Start of Data for processing

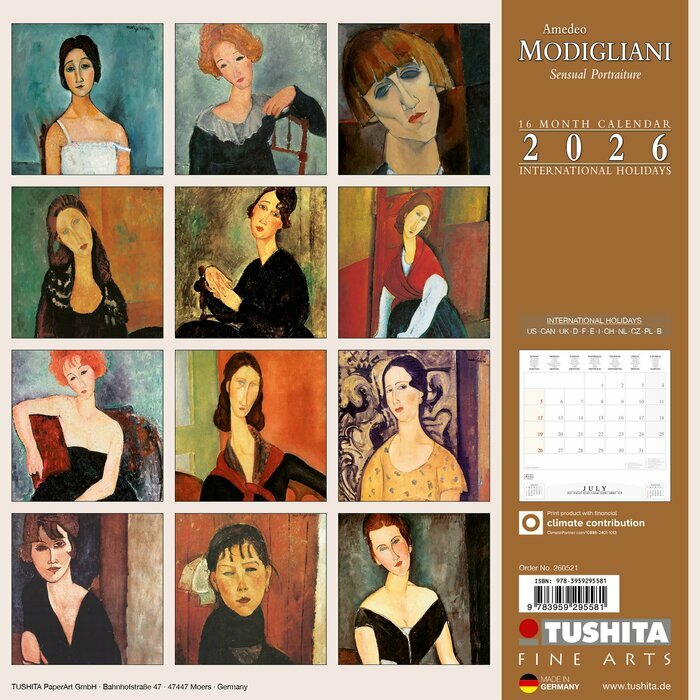 Calendrier papier 2026 Amado Modigliani Portrait Sensuel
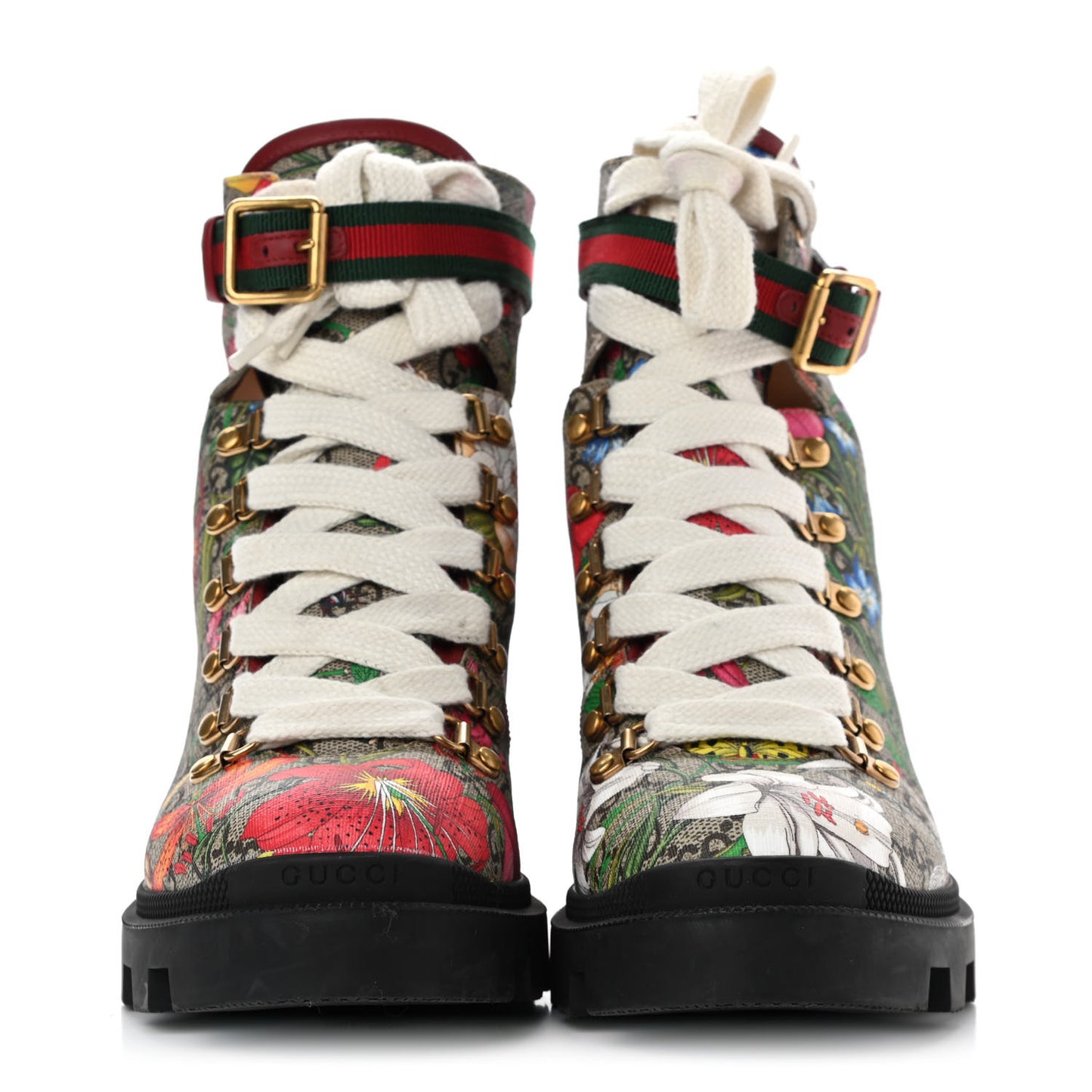 GG Supreme Monogram Flora Lace Up Combat Ankle Boots 39.5 Beige Multicolor Red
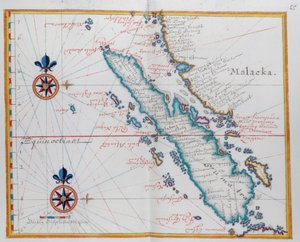 Map showing Malacca and Sumatra, western Indonesia, part of the Sunda islands by Dutch School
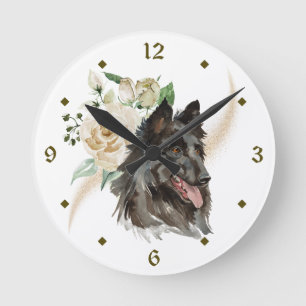 White Rose Bouquet Belgian Tervuren Dog Round Clock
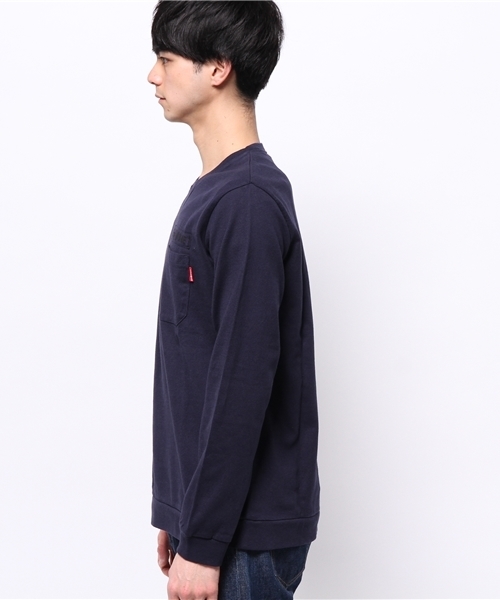 OUTLET（アウトレット）の「【WHO'S WHO gallery】EMポケットL/S（Tシャツ/カットソー・メンズ・ネイビー/オフホワイト・LARGE/MEDIUM）」の4枚目の写真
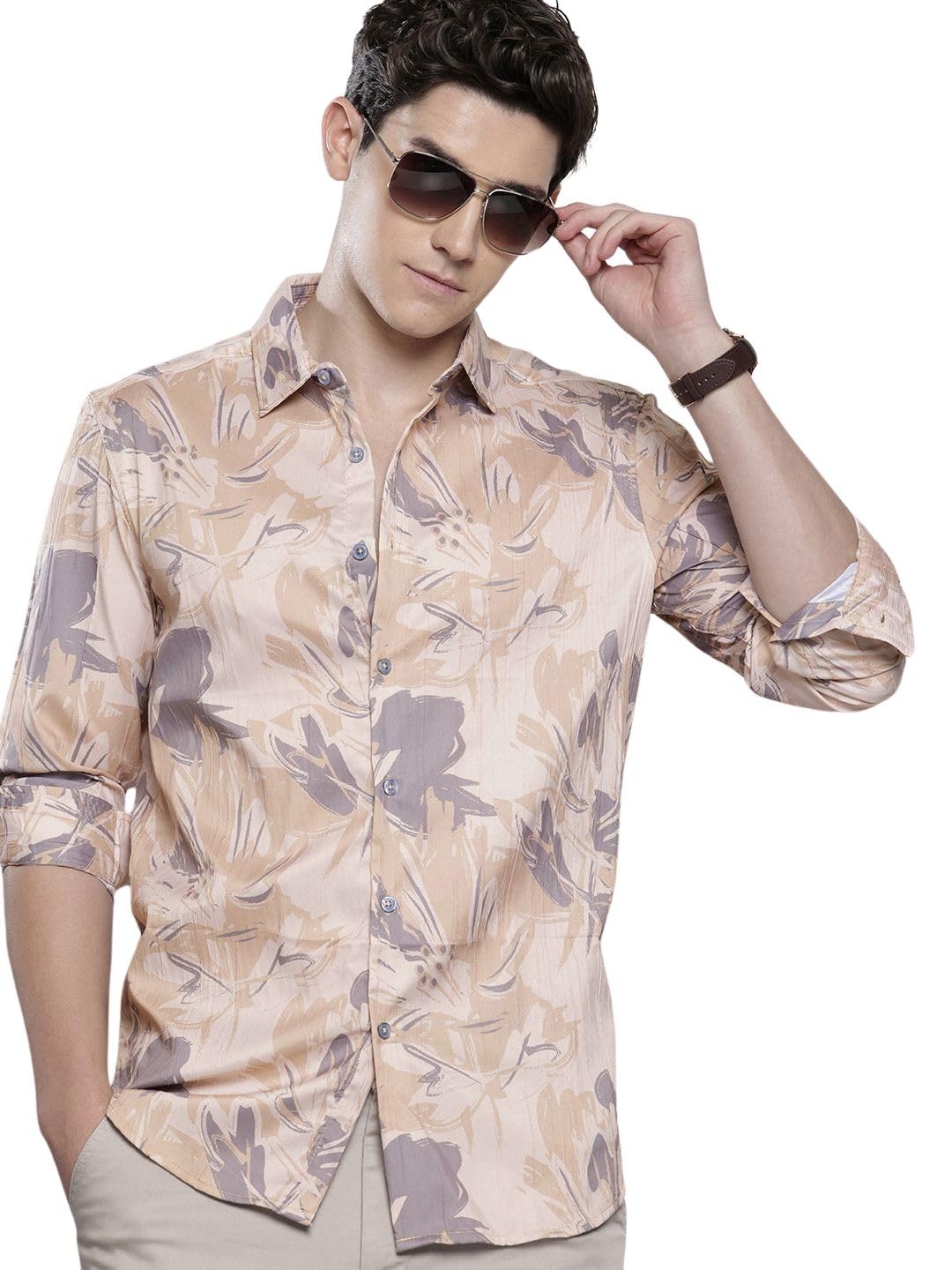 The Indian Garage Co Mens Slim Fit Abstract Print Long Sleeves Party Shirt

End of Data for processing

- Task objective
From the first line to the last, copy the listing above exactly and leave out the images.

- Written reply
 Calendrier papier 2026 Amado Modigliani Portrait Sensuel
 GG Supreme Monogram Flora Lace Up Combat Ankle Boots 39.5 Beige Multicolor Red
 Map showing Malacca and Sumatra, western Indonesia, part of the Sunda islands by Dutch School
 White Rose Bouquet Belgian Tervuren Dog Round Clock
 OUTLET（アウトレット）の「【WHO'S WHO gallery】EMポケットL/S（Tシャツ/カットソー・メンズ・ネイビー/オフホワイト・LARGE/MEDIUM）」の4枚目の写真
 The Indian Garage Co Mens Slim Fit Abstract Print Long Sleeves Party Shirt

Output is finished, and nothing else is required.